Before his arrival, the square had welcomed fans, spectators, tourists and passers-by, not to mention all the colours, parasols, carnival confetti, and hats filling it. Half way through the race, Dumoulin had already caught up with Nairo Quintana. When he reached Porta Venezia, the Eastern gate of the city in the historical novel “The Betrothed”, Dumoulin was in a hurry just like Renzo, but instead of running away from Milan, the rider was running away from his fame. He made history as first Dutch winner of the Giro d'Italia; yet, he kept on asking the journalists interviewing him not to consider him a celebrity, in the hope that people back in Maastricht, his hometown, would not stop him on the street too often. He had started to study medicine but he never got a degree once he found out about his passion for cycling - life works in mysterious ways, he explains, refusing any degree title.

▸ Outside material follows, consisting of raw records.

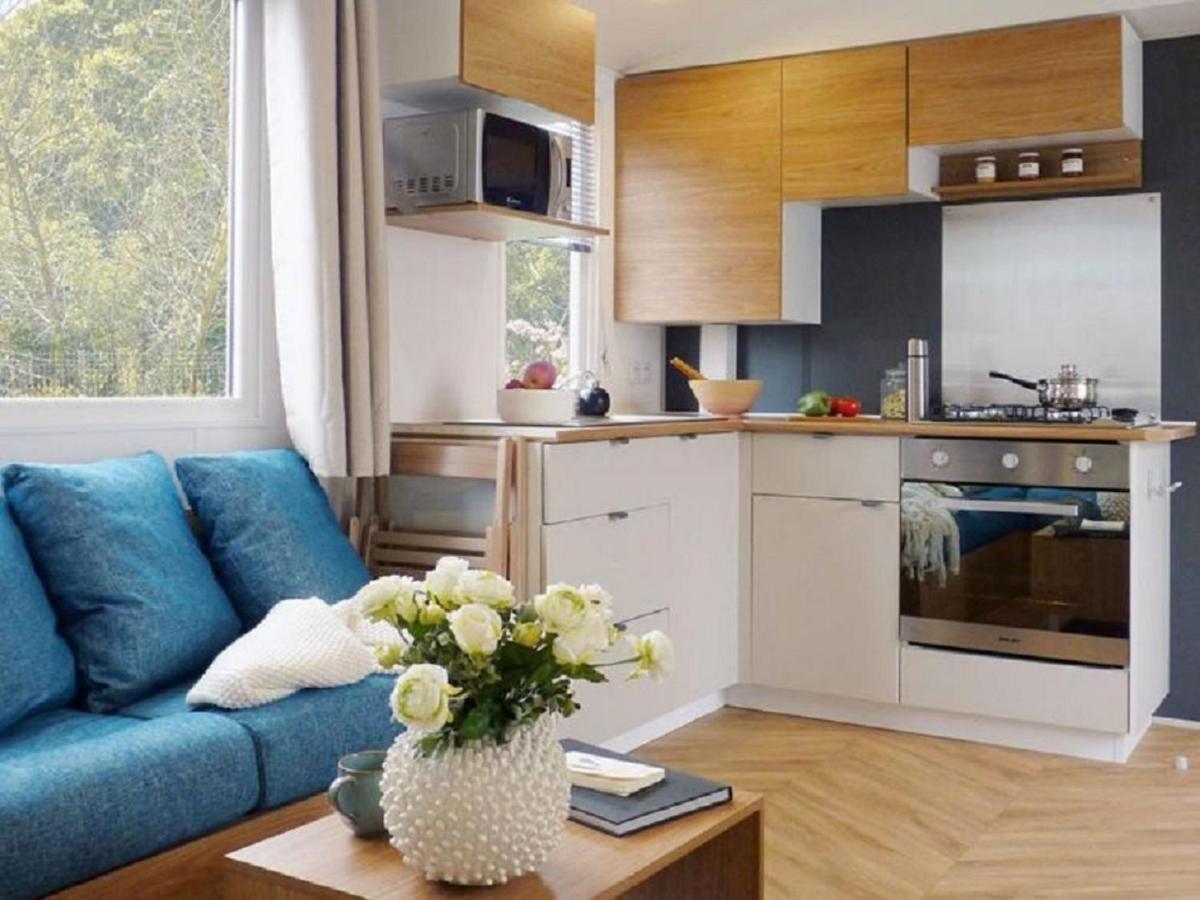 Chalet Op Camping Lauwersoog Met 3 Slaapkamers En Vaatwasser - Joycasa Ngoại thất bức ảnh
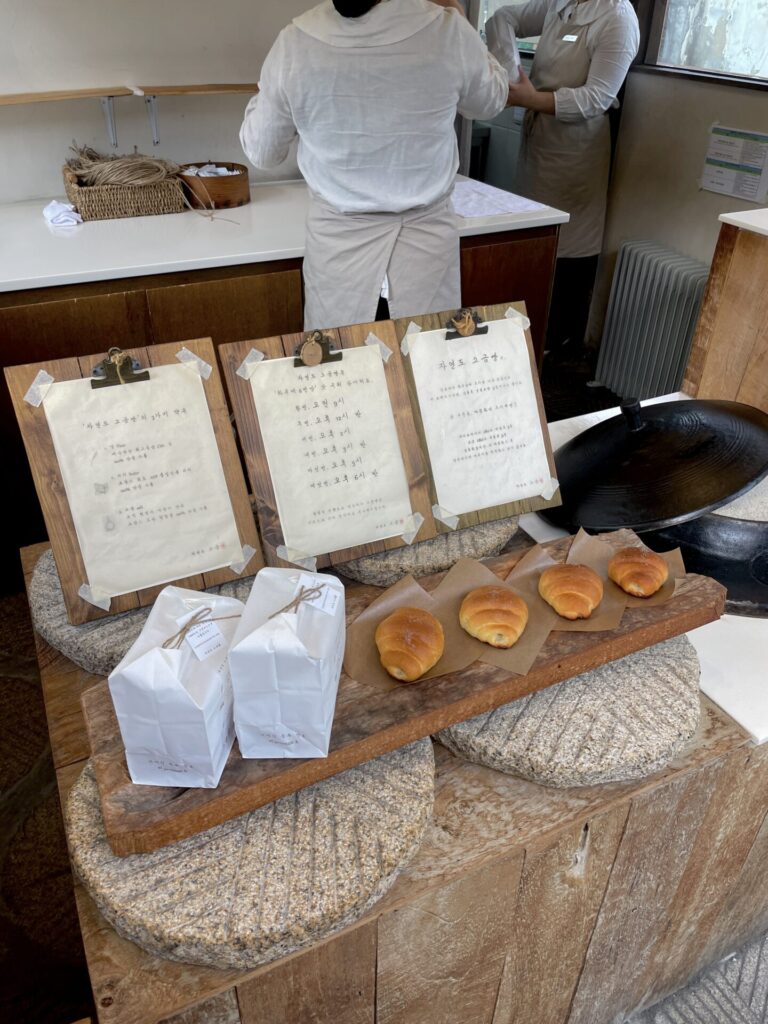 The Ultimate Seoul Travel Itinerary: 3-5 Days + Everything You Need to Know About Seoul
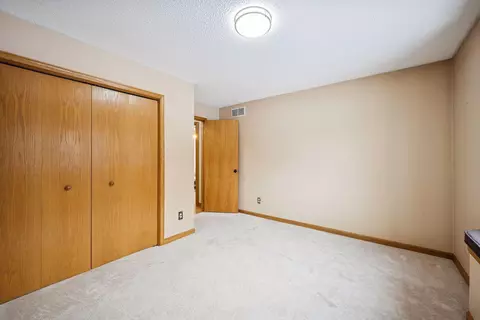 Bedroom - 701 Parkview Ln, Champlin, MN 55316 photo 4 of 8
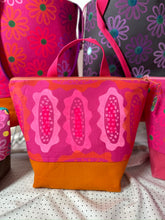 Load image into Gallery viewer, XL Zipper project bag - Pink and orange print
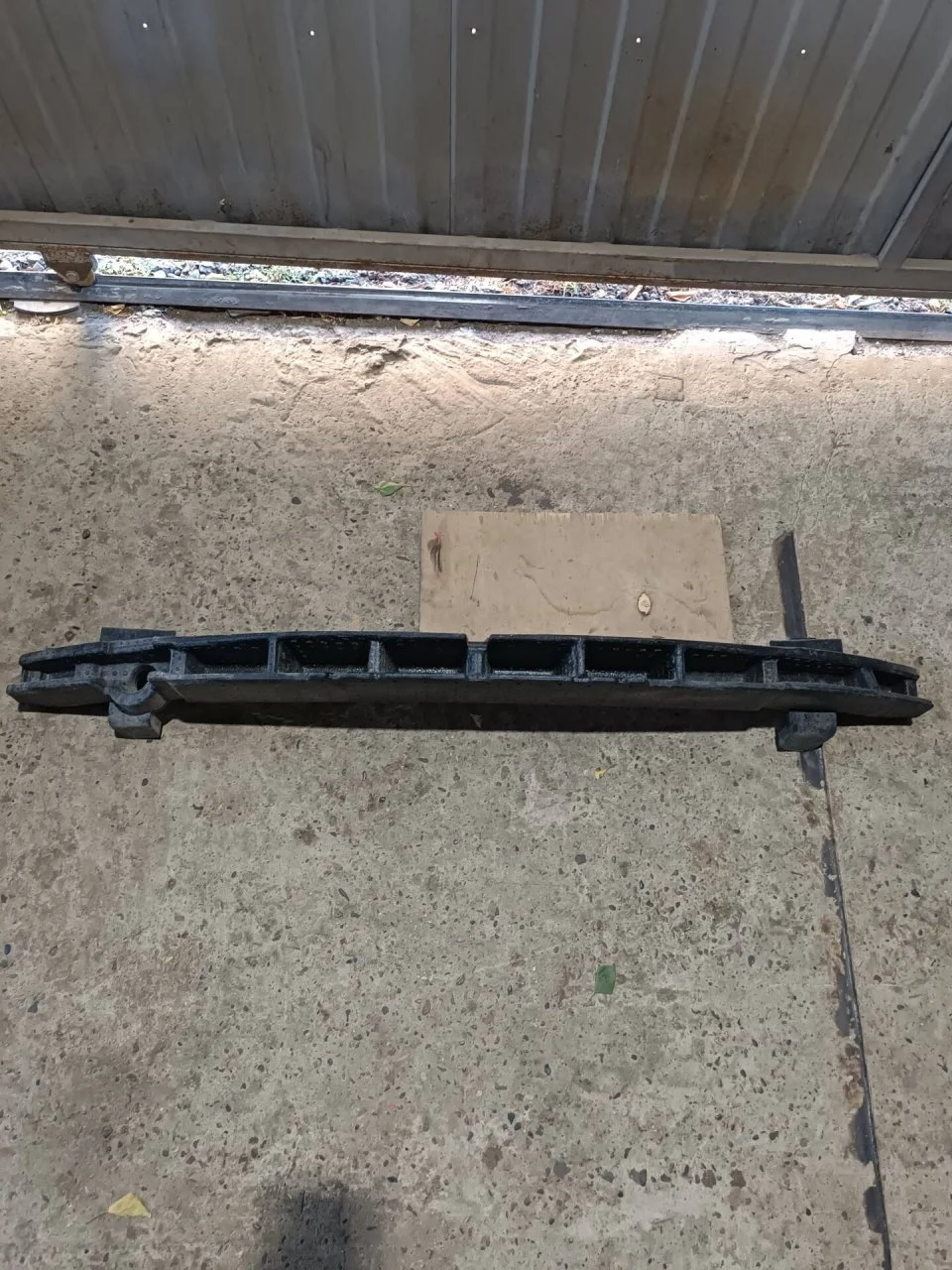 Наполнитель бампера Renault Arkana 620931084R, передний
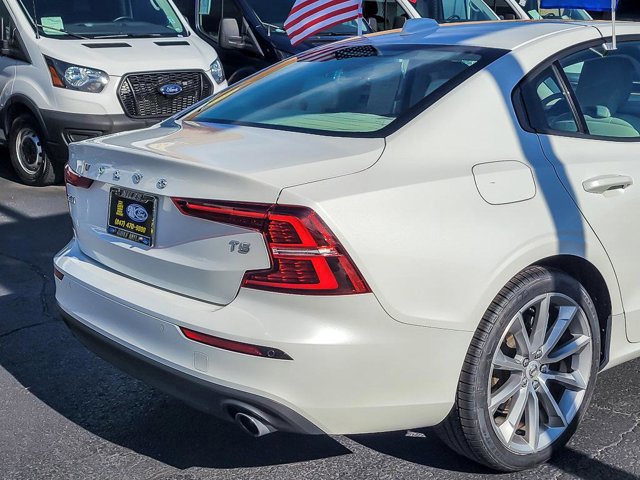 Used 2021 Volvo S60 T5 Momentum image 5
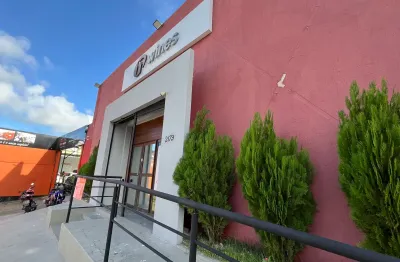 Loja comercial em candelária medindo 20 por 30 ideal para qualquer comércio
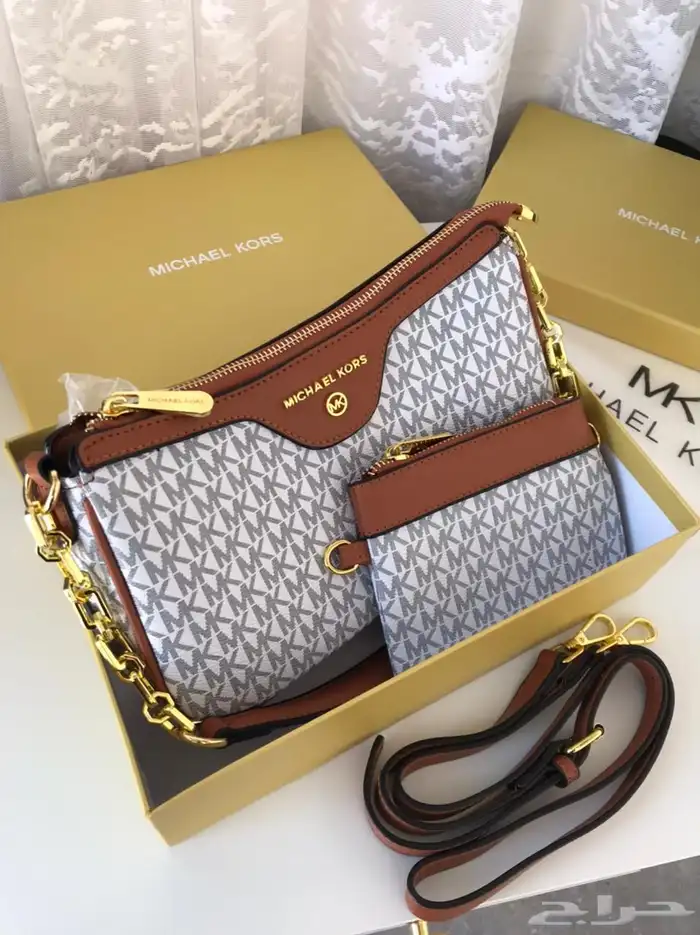 شنط نسائيه ماركات عالميه 8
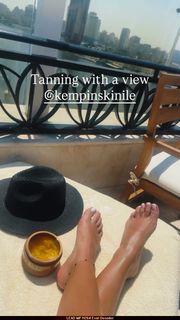 Aya Selim feet photo thumbnail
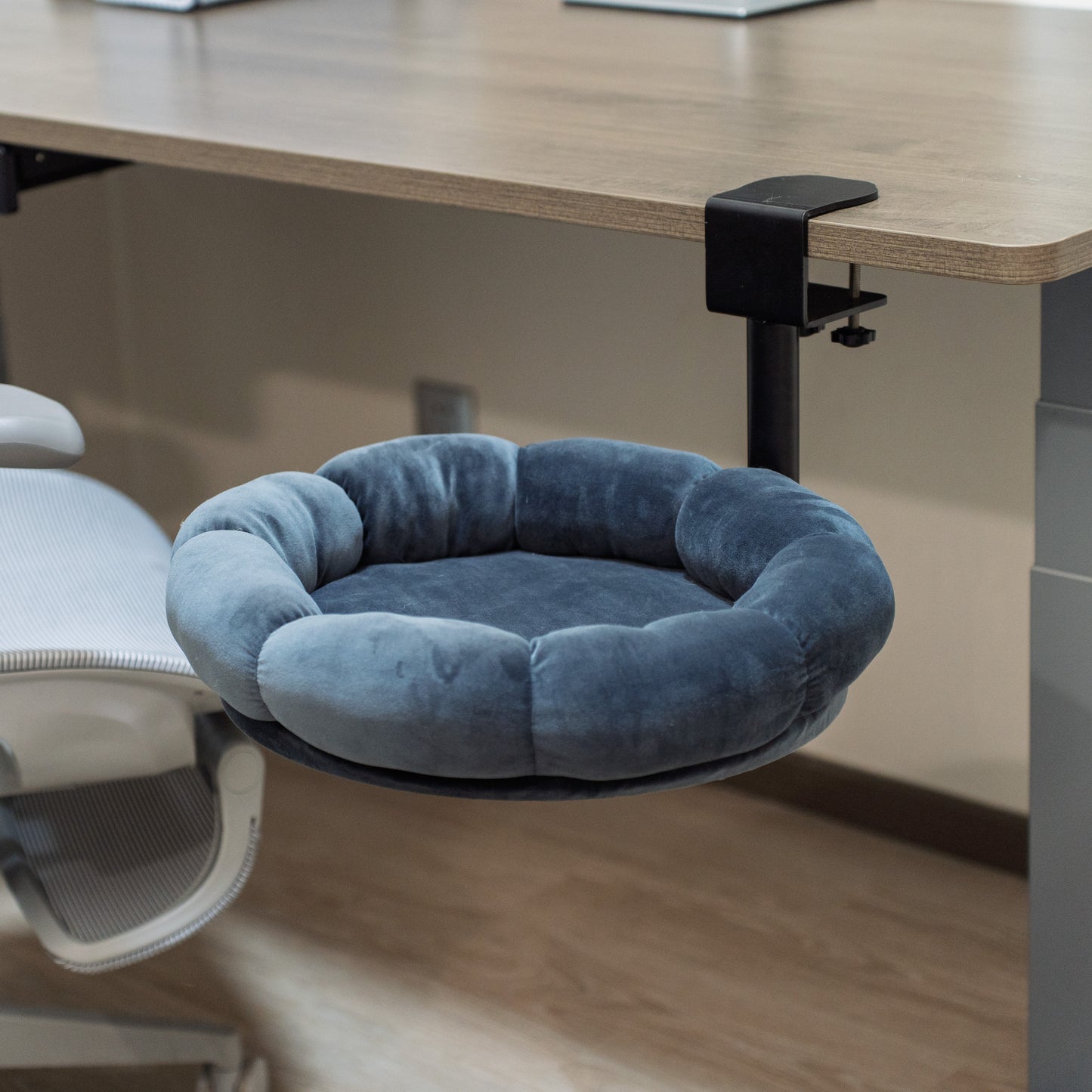 DeskPurrch™ Cat Bed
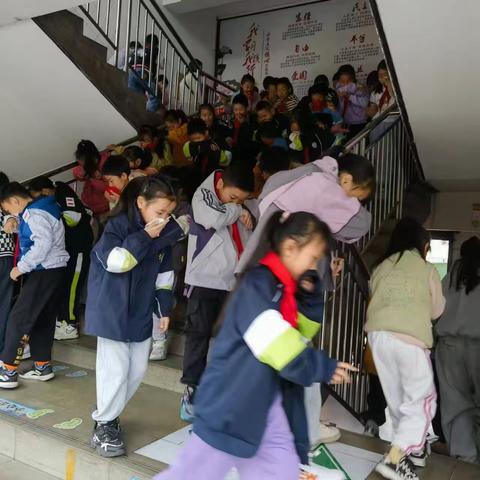 全民消防，生命至上 ——木兰小学消防演练
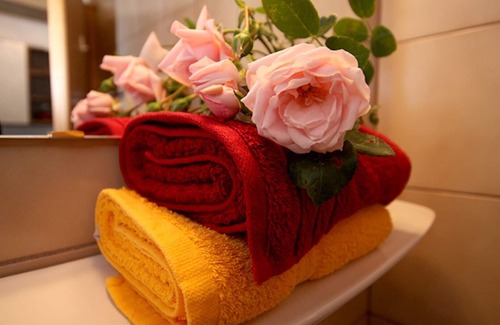 Kauns Apartment | Experience Comfort at Apart Alpinea - Your Home Away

Tom Dumoulin won the Giro d’Italia. A group of Dutch female tourists sang “Tommy, dankjewel”: thank you for giving us one more reason to rejoice in such a hot May day. The Italians celebrated Nibali’s third position - the proud rider has always been a protagonist of the race. The Colombians tried to comfort Quintana - the third rider to lose the Giro in the final stage - staying in the square until late, after the three finalists had been gone for a while. They kept on honouring the Giro d’Italia, which is now over, announcing the celebrations of its next edition in less than one year.